- Data to use:

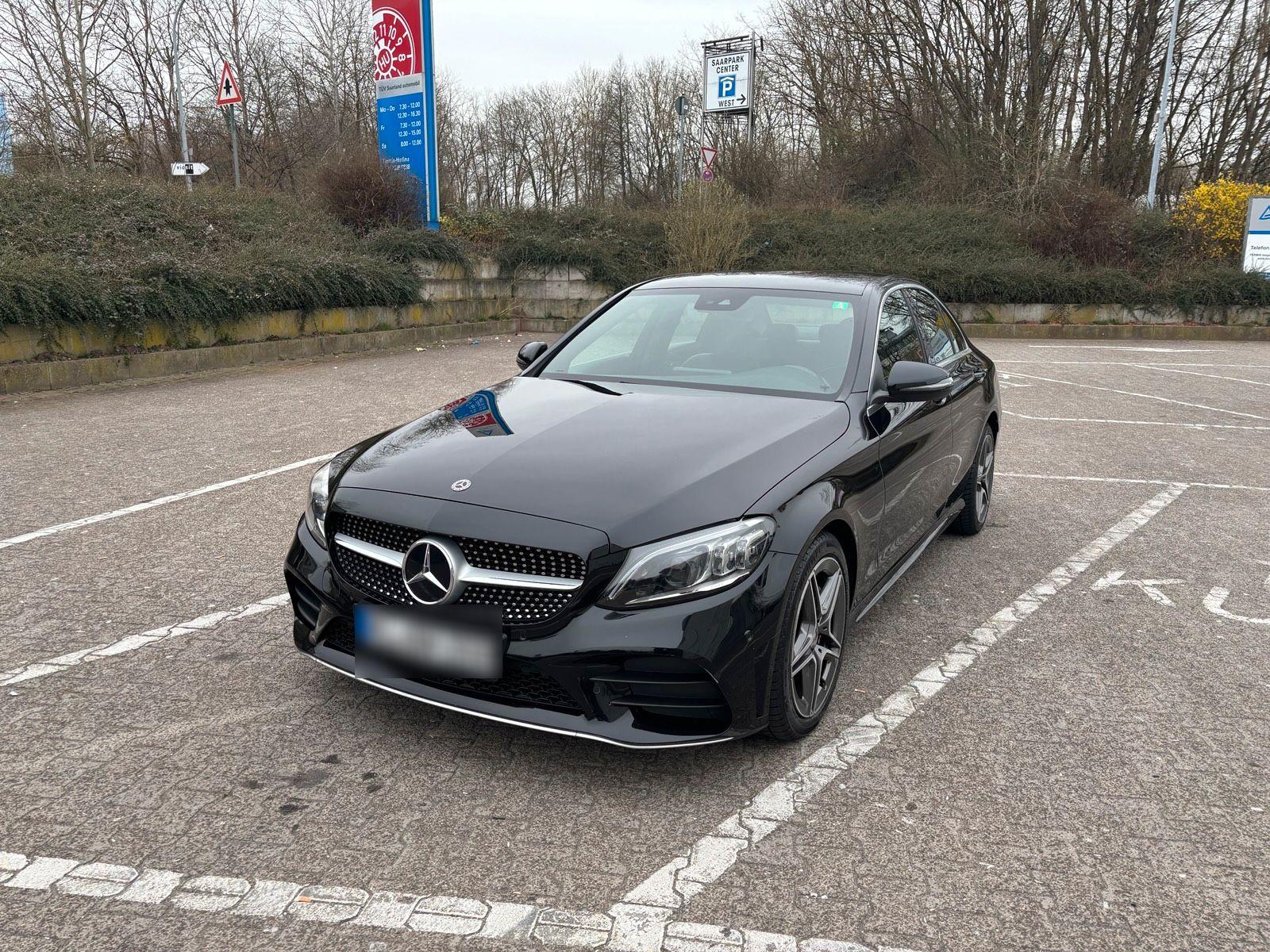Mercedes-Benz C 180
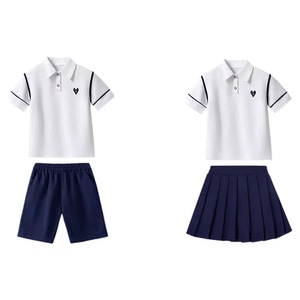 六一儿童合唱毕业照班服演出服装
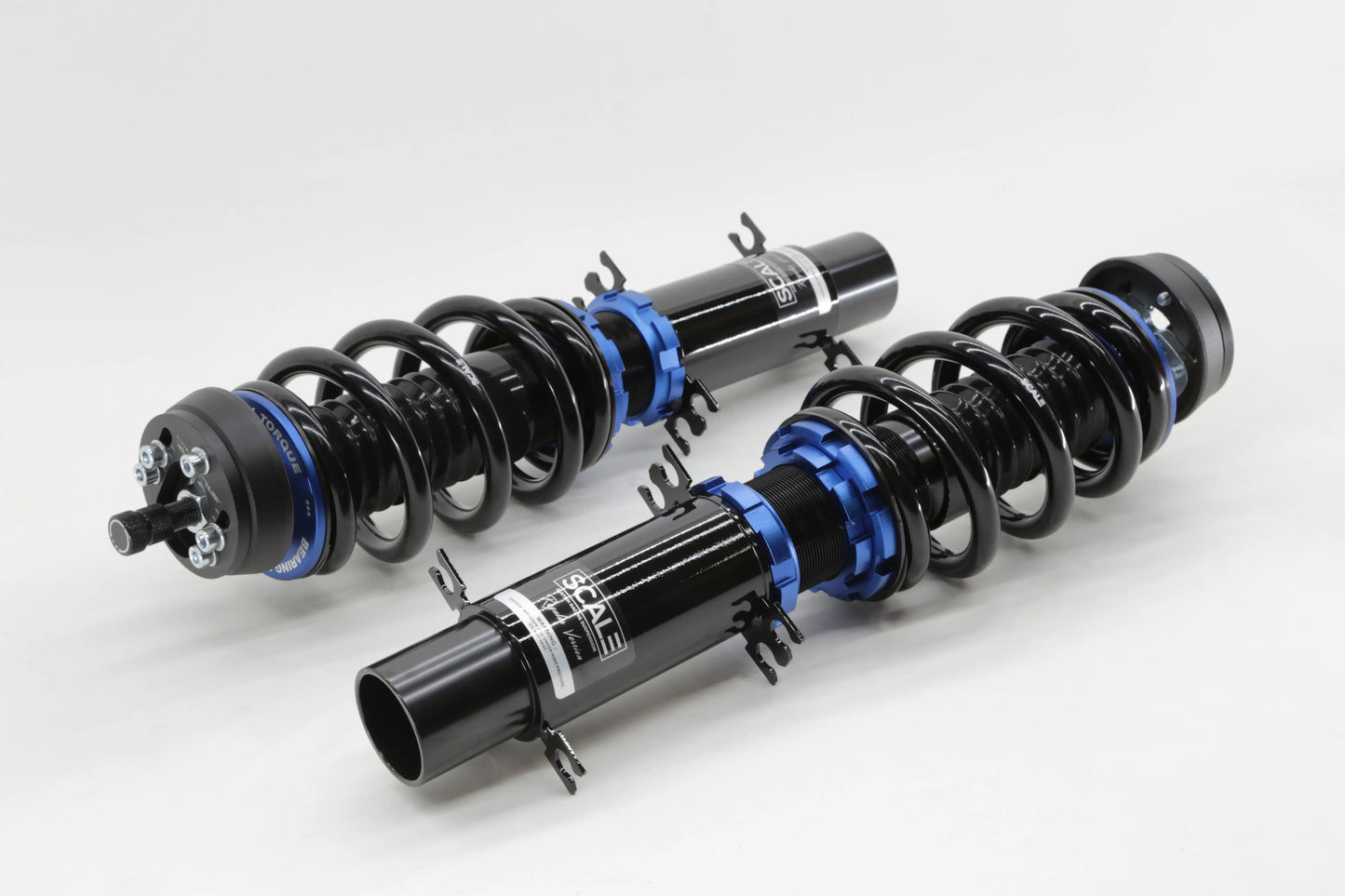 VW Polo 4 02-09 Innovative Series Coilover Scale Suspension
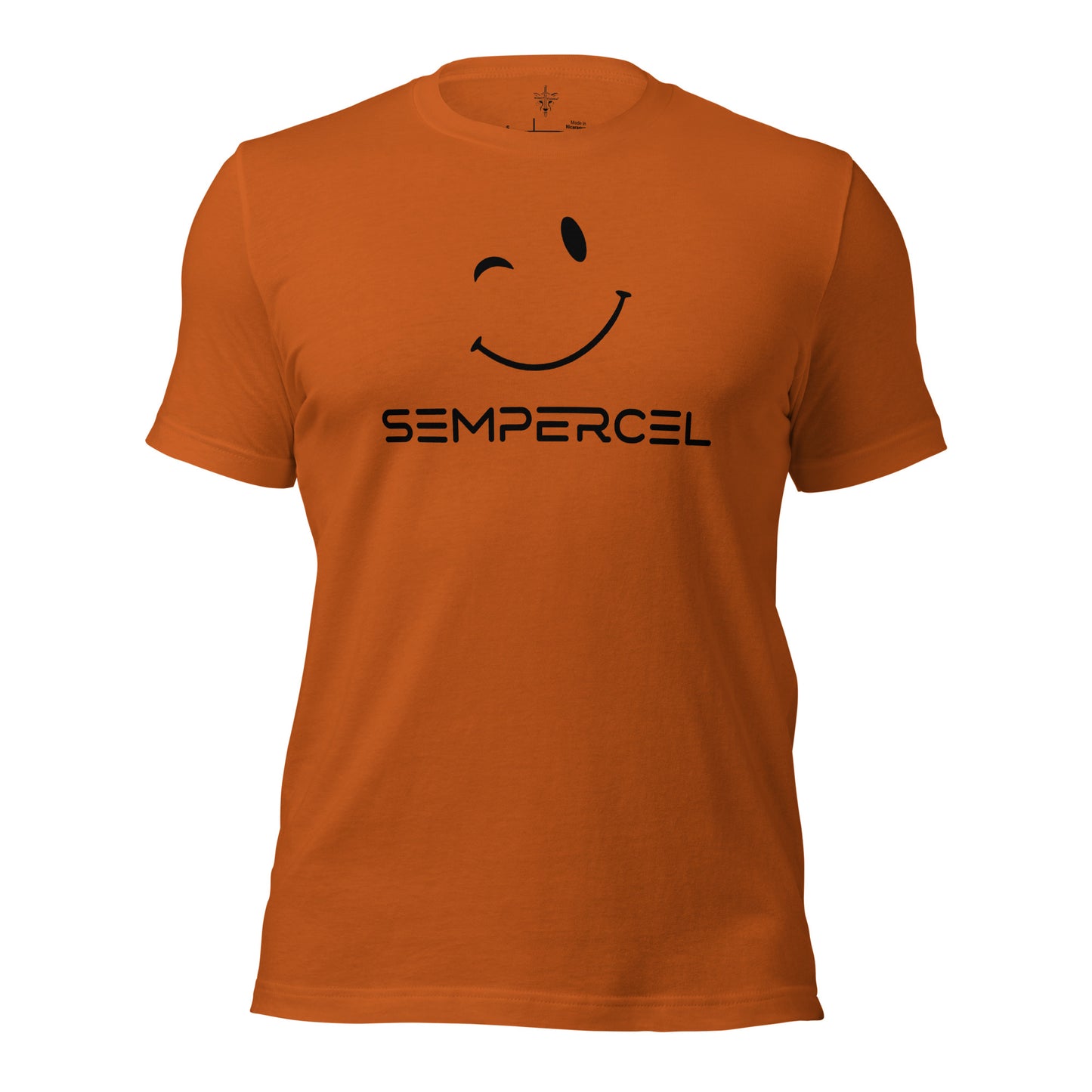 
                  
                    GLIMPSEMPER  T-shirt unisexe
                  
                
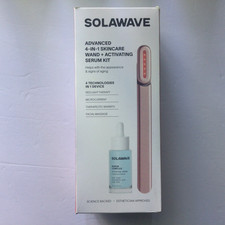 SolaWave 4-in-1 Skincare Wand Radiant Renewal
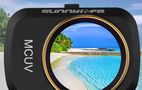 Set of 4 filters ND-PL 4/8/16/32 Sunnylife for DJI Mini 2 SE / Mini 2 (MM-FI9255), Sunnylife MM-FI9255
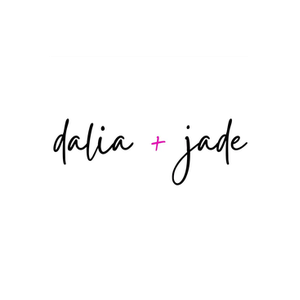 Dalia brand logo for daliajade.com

---

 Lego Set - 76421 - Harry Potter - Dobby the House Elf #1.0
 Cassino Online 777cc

---

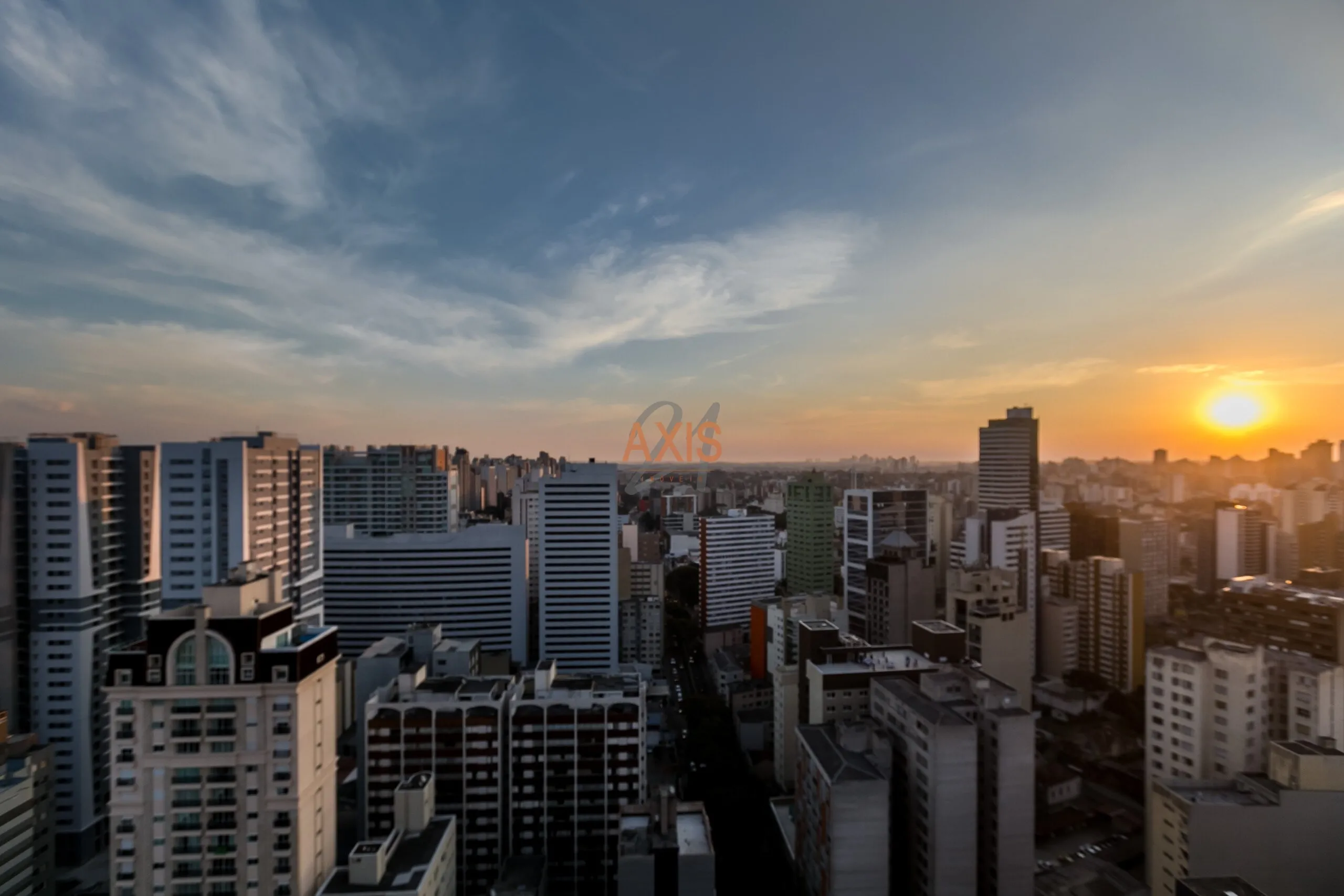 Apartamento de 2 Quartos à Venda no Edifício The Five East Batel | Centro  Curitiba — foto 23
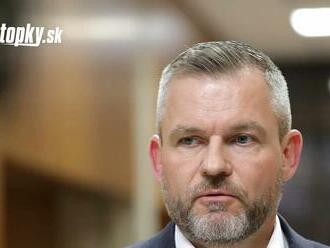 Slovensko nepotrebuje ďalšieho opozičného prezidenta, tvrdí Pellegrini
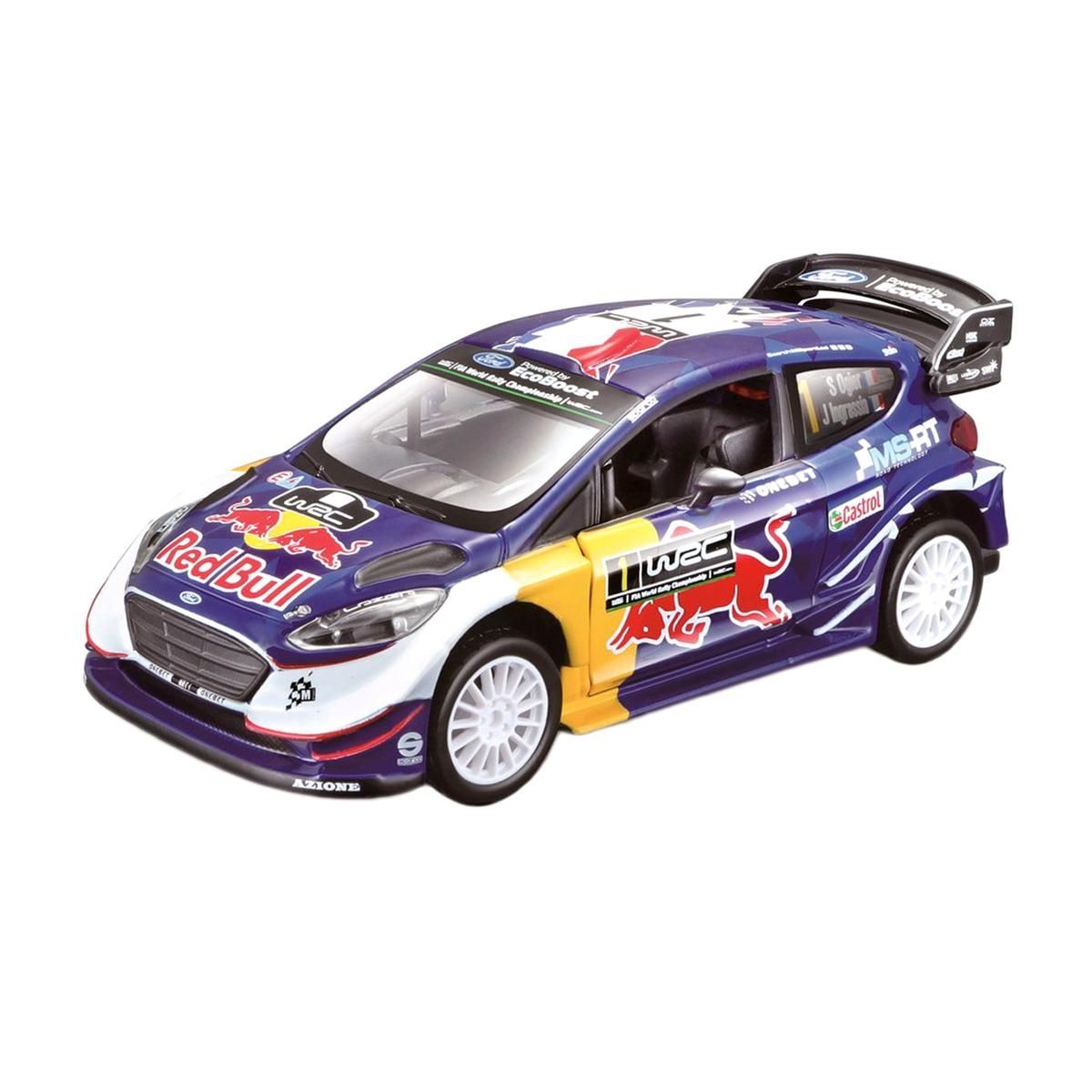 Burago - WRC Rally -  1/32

- Problem:
In the entries above, find the line with "Mercedes-Benz C 180" and the line with "Dalia brand logo for daliajade.com". Return exactly those lines and all the ones between them, pictures excluded.

- Task response:
Mercedes-Benz C 180
 六一儿童合唱毕业照班服演出服装
 VW Polo 4 02-09 Innovative Series Coilover Scale Suspension
                  
                    GLIMPSEMPER  T-shirt unisexe
                  
                
 SolaWave 4-in-1 Skincare Wand Radiant Renewal
 Set of 4 filters ND-PL 4/8/16/32 Sunnylife for DJI Mini 2 SE / Mini 2 (MM-FI9255), Sunnylife MM-FI9255
 Dalia brand logo for daliajade.com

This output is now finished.